In the summer of 1611, Prokopy Lyapunov practically became the head of so called «Council of all lands» (Совет всей земли), an interim government, called to establish an order and as result of which, on June 30, he issued a decree that reinstated certain serf regulations and violated his own promises to Cossacks of "freedom and salary" (as they tended to plunder surroundings where they stayed); by another one Prokopy L. also imposed harsh punishment on looters to prevent unauthorized collection of taxes and duties; this contributed to further disintegration of his movement.
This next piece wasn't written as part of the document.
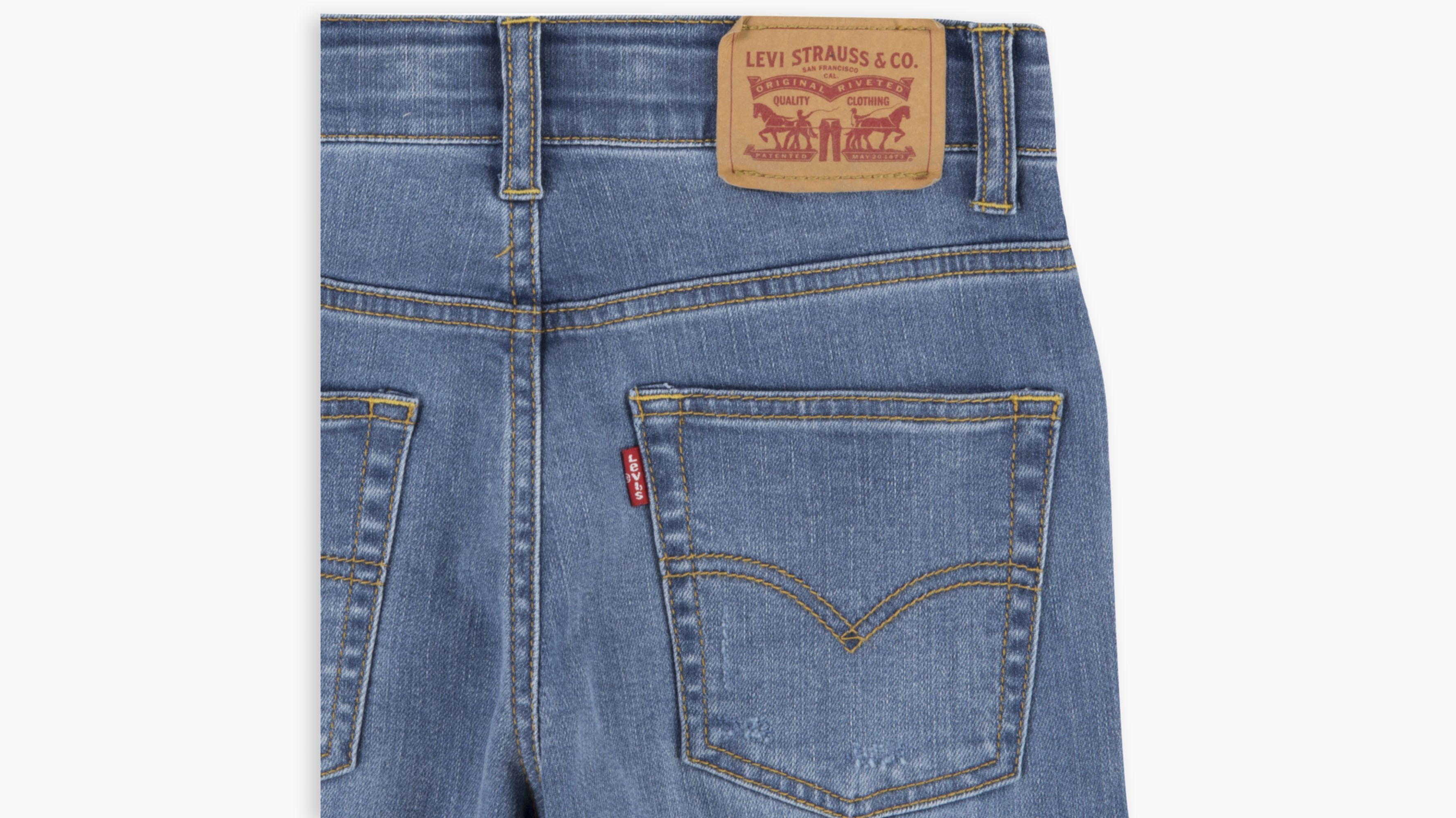 514™ Straight Fit Performance Jeans Little Boys 4-7X 6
At this point, however, brief success didn't last long as internal and deeply irreconcilable differences between Russian nobles, bureaucracy, and Cossacks (that constituted FPO) started to brew. The disagreement was seriously aggravated when 28 Cossacks caught for looting of Ugresha Monastery were sentenced to death (or, by some other accounts - drowned) by one of loyal to Prokopy voivode, becoming the last straw that broke FPO ranks and sealed Prokopy's fate.

== Death ==
A decree made up either by Aleksander K. Gosiewski (who at the time occupied Moscow Kremlin and was threatened by FPO troops) or Ivan Zarutsky (Cossacks faction of FPO) (Note: Exact details differ from author to author; reportedly some chronicles biased toward more sensational description of events by omitting some details.) (delivered by one of captive cossack to the indignant Cossacks headquarters) declared Cossacks as outlaws. Because the decree was closely resembling hand of Prokopy Lyapunov he was invited to Cossacks "circle" (council) on outskirts of Moscow for interrogation; soon after that, however, Cossacks assaulted and stubbed him to death on July 22 (no later August 1), 1611.

=== Burial ===
Body of Prokopy Lyapunov was reportedly buried at Temple of Prophet Elijah on Vorontsov Field, but at some point later reburied at Trinity Lavra of St. Sergius by his son Vladimir, along with many other prominent figures who lived at the Time of Troubles (e.g. Dmitry Troubetskoy).

== Aftermath ==
Some remains of FPO, primarily Cosscaks loyal to ataman Ivan Zarutsky continued to fight with Poles, but some have joined Dmitry Pozharsky troops at Yaroslavl to form Second People's Opolcheniye preparing for the Battle of Moscow (1612).

== Personal life ==

=== Family ===
Prokopy belonged to a noble family dynasty called Lyapunov.

=== Children ===

- Vladimir Prokopievich Lyapunov, it's known that he has donated a cross to the church of the Isady Village where his father Prokopy was born; it's currently kept in Ryazan Kremlin

==See also==
- Mikhail Skopin-Shuysky

== In culture ==

- «The Death of Lyapunov» (1816 or 1818–1878), a patriotic drama by Stepan Gedeonov.

- «Prince Skopin-Shuisky» (1834-1835, Russian Empire), a drama by Nestor Kukolnik - Prokopy Lyapunov depicted avenging death of his ally Skopin-Shuysky.